Project M.O.U.S.E.

This holiday season I partnered with the Darien, CT library to create decorations for a Christmas tree inspired by Simon Van Booy's novel Sipsworth, about the unlikely friendship between a lonely widow and a tiny mouse.

I love libraries. I always have. They're one of the few remaining spaces where strangers share something quietly together without a direct exchange of money. Knowledge, stories, refuge. A peaceful place to be. When the opportunity came to make something for the Darien library's Lit Tree Lane event, I wanted it to involve labor and hands and time.

If you know my work, you know I'm drawn to the obsessive accumulation and use of small things. Wallpaper made from thousands of individually placed stickers. A wall piece composed of hundreds of Barbie shoes arranged to reference early American quilt patterns. Handling and creating each tiny object one by one feels like a meditation on material history and human touch. Human connection, history, and labor are all very important to my practice.

For the Sipsworth tree, I hand-sculpted dozens of one-inch clay mice, each with a ribbon hanger, and placed them on my tree at the library. Next to it: a rather formal-looking red mailbox where patrons could submit adoption applications for the mice. Even the smallest creatures deserve a proper vetting process.

Once each application was approved, each mouse was carefully removed from the tree and placed in a small jewelry box lined with soft cotton. The mouse's new name was written on the lid.
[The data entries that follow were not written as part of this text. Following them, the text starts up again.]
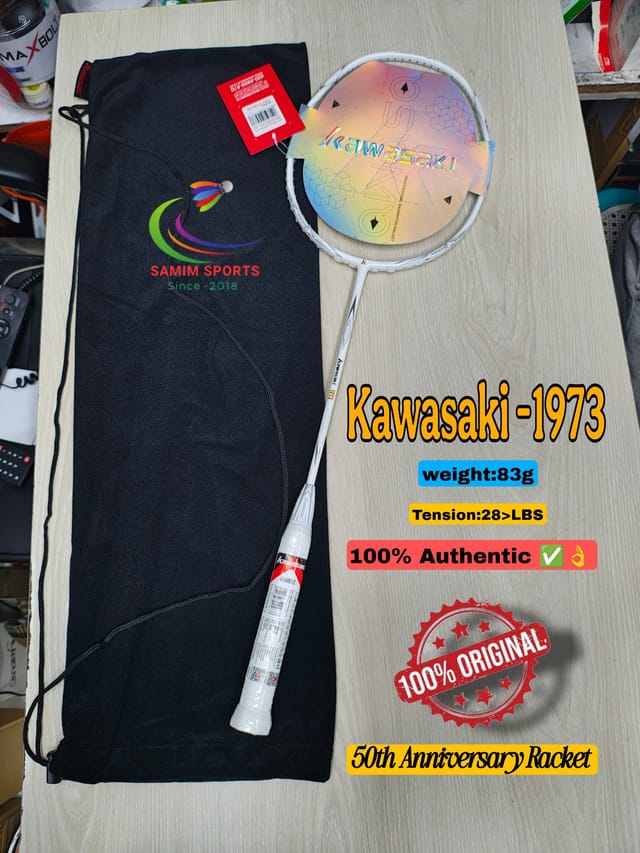 Kawasaki 1973 (50th Anniversary) Badminton Racket! 4u white colour_img_0
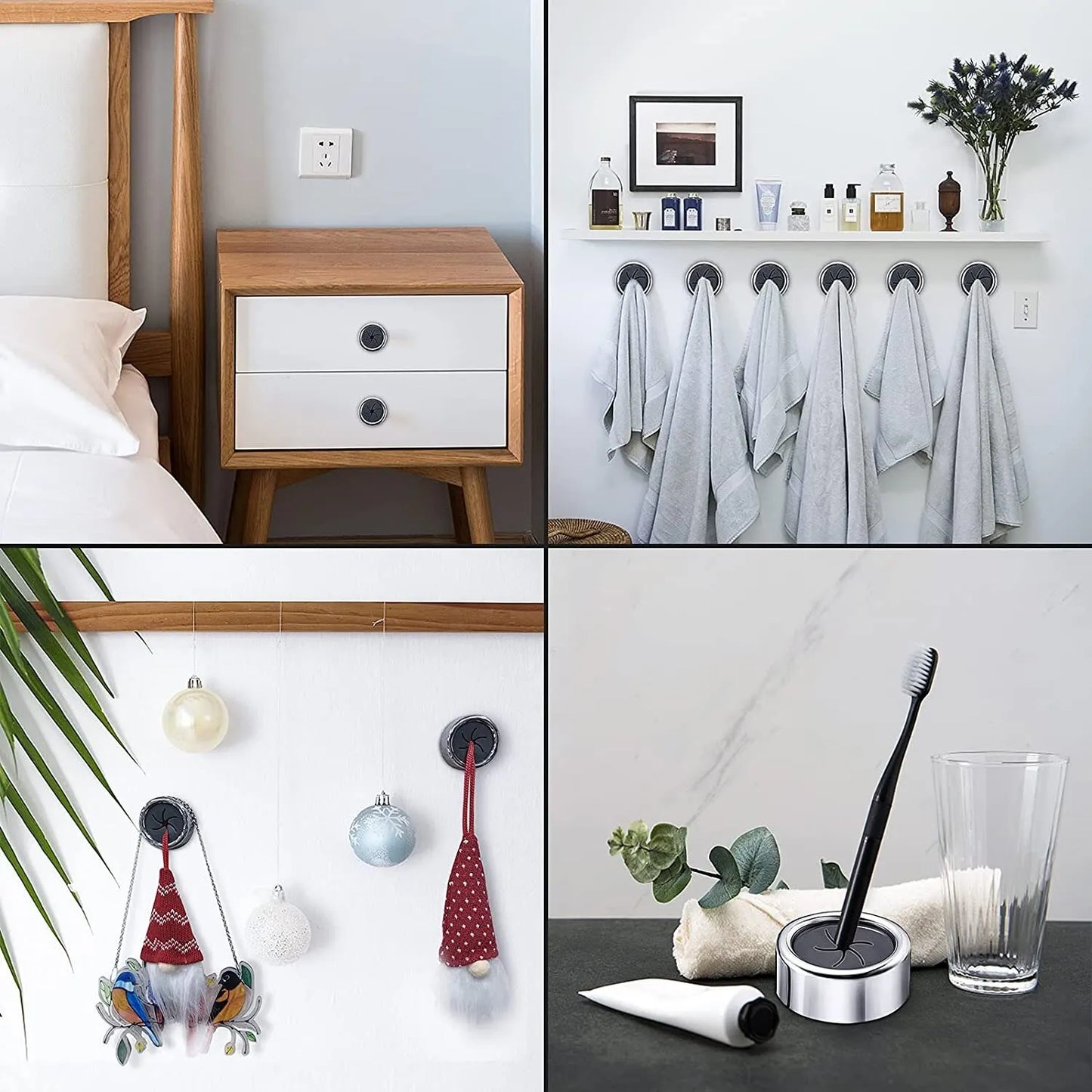 3PCS Wall-Mounted Towel & Cloth Holder-No Drilling, strong Adhesive, Kitchen & Bathroom Organizer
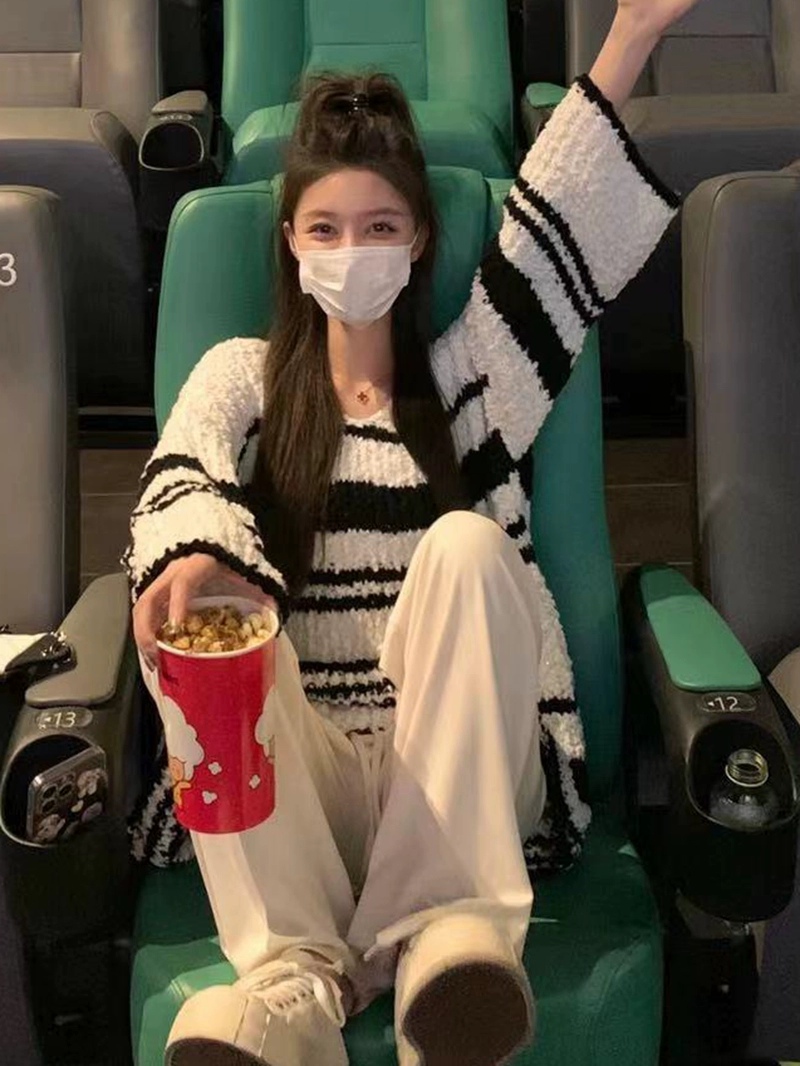 韓式慵懶撞色設計感條紋針織毛衣女秋季新款寬鬆百搭休閒上衣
Inside, the adopter's name and my signature. The original application got stamped "APPROVED / PROJECT M.O.U.S.E." on the back and tucked in alongside a formal adoption letter welcoming them to their new home.
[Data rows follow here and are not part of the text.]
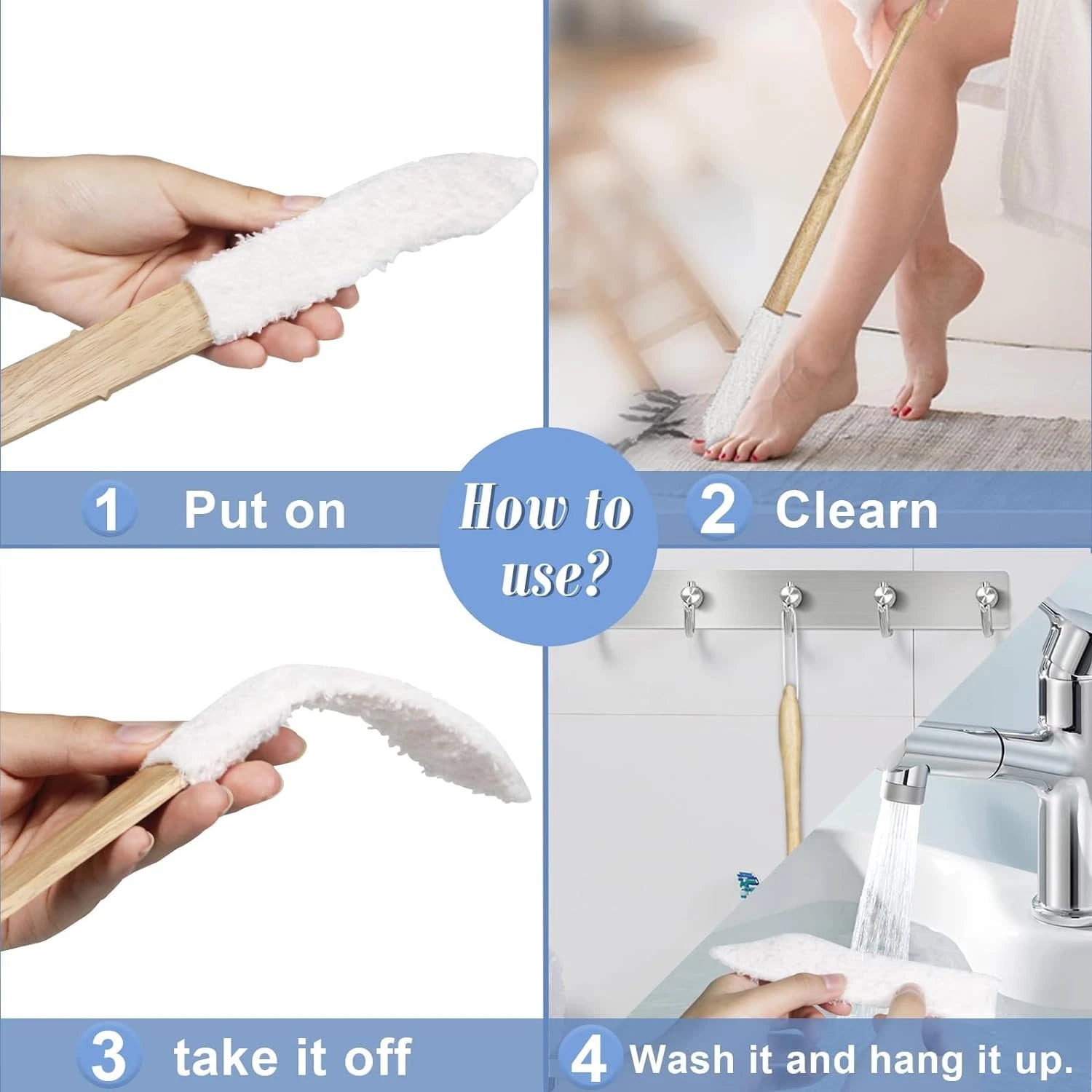 Long Handle Toe Brush, Wooden Foot Brush for Shower,Between Toe Cleaning Brush F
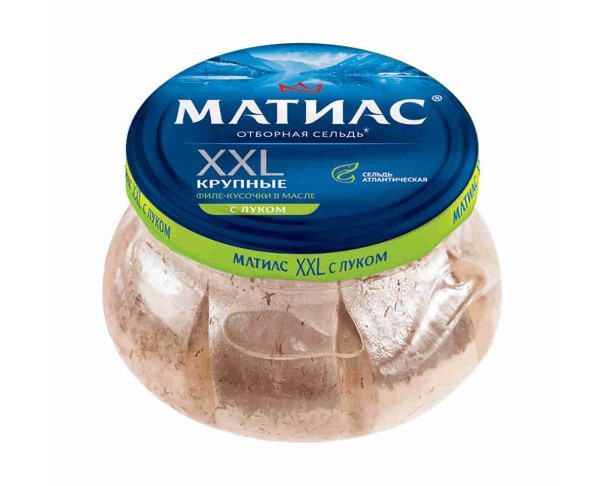 Сельдь САНТА БРЕМОР Матиас XXL филе с луком в масле 260г ст/б / интернет-магазин напитков Лоза в Улан-Удэ
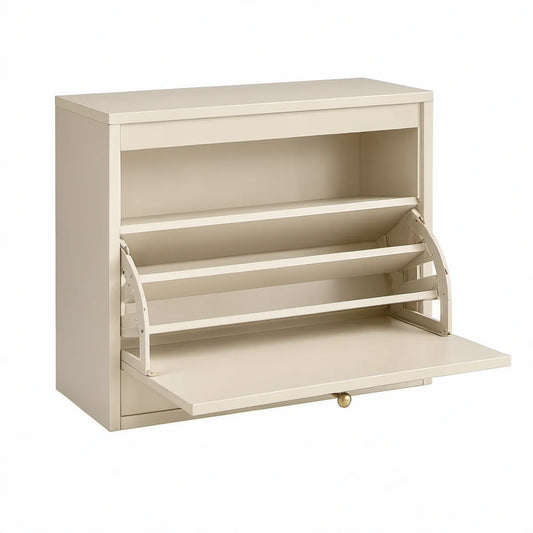 Krémový výklopný botník z MDF s otevřenou přihrádkou, 80 × 30 × 90 cm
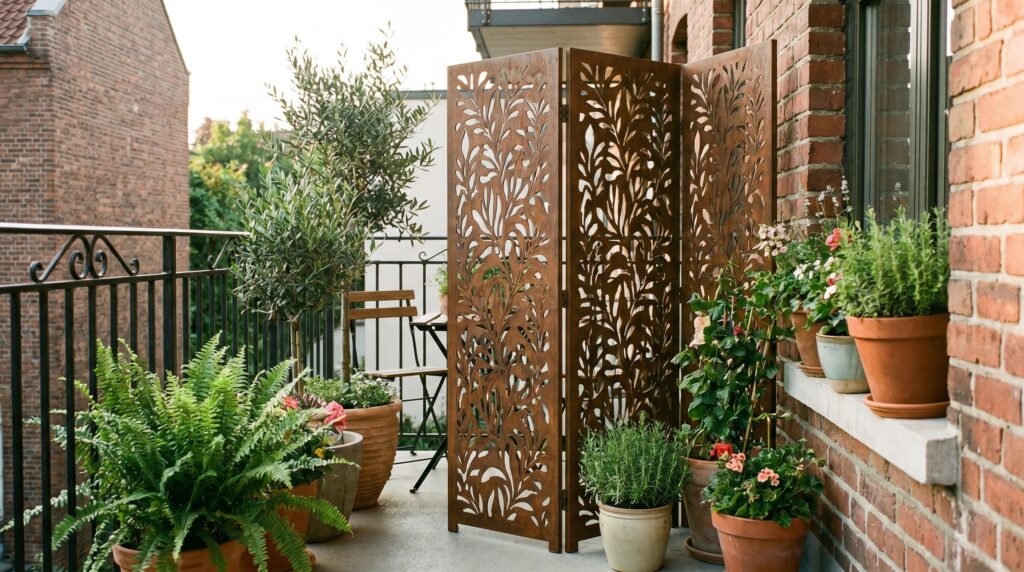 A freestanding folding metal privacy screen on a small apartment balcony with potted plants. A freestanding folding metal privacy screen on a small apartment balcony with potted plants.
The letters read, in part: "Your mouse has been waiting patiently on the Sipsworth Tree... They are quiet, loyal, and require only the occasional crumb and a warm place to call home. We know you will take good care of them. We wish you both many years of gentle friendship."

Watching people fill out applications with such earnestness, choosing names, making incredibly kind promises to their mice, chatting with each other about the project, was exactly what I hoped would happen. It reminded me why I make things at all. The tenderness, joy, and wonder activated in people who experience something a little bit different, something that asks them to participate. It's so important that strangers keep talking to each other, and equally as important for people to feel some of the questions that arise when participating in any kind of art project. Questions like: Will I be approved? What exactly would I promise a tiny creature? Why on earth did someone spend hours making these tiny mice? Is it weird that I'm talking to a stranger? I feel connection to something bigger than myself, in some way; why don't I feel this more often?

PS: Project M.O.U.S.E. stands for Miniature Orphans Urgently Seeking Everyone. The applications shown here are not the complete collection of applications!